The original paper doesn’t specify how to do the depth range calculation. A proper way to reduce the time is to use GPU parallelization like CUDA, OpenCL, or just compute shader. The case of finding the lowest point would trivially translate to mapping each model space vertex to the transformed z value and use parallel reduction to find the minimum, both of which can be achieved by simply calling Thrust API, without the need of writing CUDA kernels.

After eliminating this bottleneck, we can consider reducing the cost of the rendering depth buffer. Since depth buffer is produced by fixed function pipeline, the only optimization we can do is probably to enable early fragment test. However, instead of rendering a single orientation at a time, we can process all orientations together.
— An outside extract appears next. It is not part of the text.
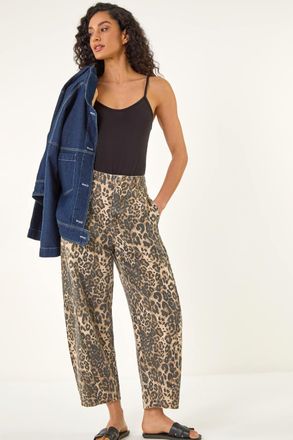DUSK Animal Print Barrel Leg Jeans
For the rasterization stage, we can use OpenGL’s multiple layer rendering feature to put all orientations into one texture (OpenGL 4.5 requires the number of layer to be at least 2048, leaving enough slots for 1024 orientations). We simply need to add a geometry shader that dispense one triangle to different layers using parallel invocations and a loop within each invocation. It turns out that we can gain an overall 40% speedup.

Using the above optimizations, we have a much more efficient workflow to find a coarse estimation of the orientation that yields the minimum support volume. It now reduces to the problem to find the accurate (in the available precision, of course) solution. The authors in the paper used a mixture of analytical and numerical method. They realized that the function of support volume of the mesh is piece-wise smooth, where any orientation that contains a face that is perpendicular to the ground yields a non-differentiable point on the function. However, these non-differentiable points can be analytically determined. Although such points can be very dense, we are only looking at a small region determined by our coarse estimation. The authors use a derivative-free numerical optimization method (Lucidi & Sciandrone, 2002) to perform minima searching at each smooth region, where there is a need to sample the function, the rasterization pipeline is called (a math function can be any computational process!).
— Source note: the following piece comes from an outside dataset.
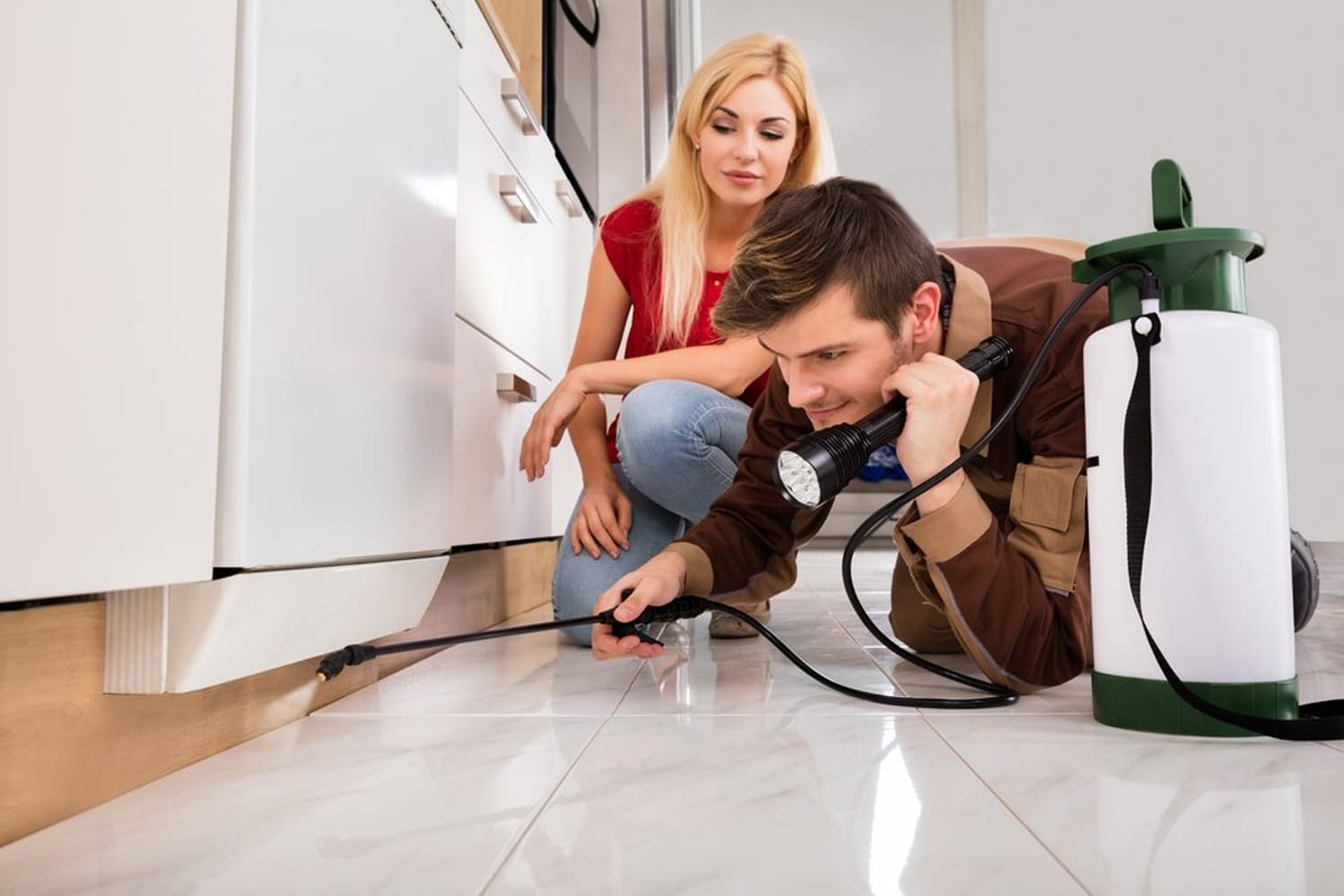 Técnico de fumigación y muchacha inspeccionando la cocina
The optimization process is sort of similar to gradient descent performed in every smooth region. Therefore, we can still parallelize by the smooth regions. However, it turns out that using CPU multiprocessing (Intel TBB) is much faster than using CUDA, probably because the optimization process is very logically intensive and has many branches. Of course, we could develop some new methods that makes the algorithm more suitable for GPU. Due to time limit, this more complex problem is listed as a future attempt.

Also, apart from what I’ve implemented, I also suggested a possibility of using bounding boxes to accelerate the finding of the lowest point in coarse optimization. The original method searches through all mesh vertices to find the minimum, which wastes the locality of the lowest point. If we use a BVH for the mesh, we can (physically) rotate the BVH and exclude all nodes whose bounding boxes lie completely above the bounding box that contains the lowest point in last search. In this way, we only need to look at vertices in a few bounding boxes, which can significantly speed up the computation.

Overall, it is a fun journey to optimize an algorithm for optimization problem, especially for this task - finding the minimal support volume for 3D printing - which is both useful and conceptually simple.

References

Ezair, B., Massarwi, F., & Elber, G. (2015). Orientation analysis of 3D objects toward minimal support volume in 3D-printing. Computers & Graphics, 51, 117-124.

Lucidi, S., & Sciandrone, M. (2002). A derivative-free algorithm for bound constrained optimization. Computational Optimization and applications, 21(2), 119-142.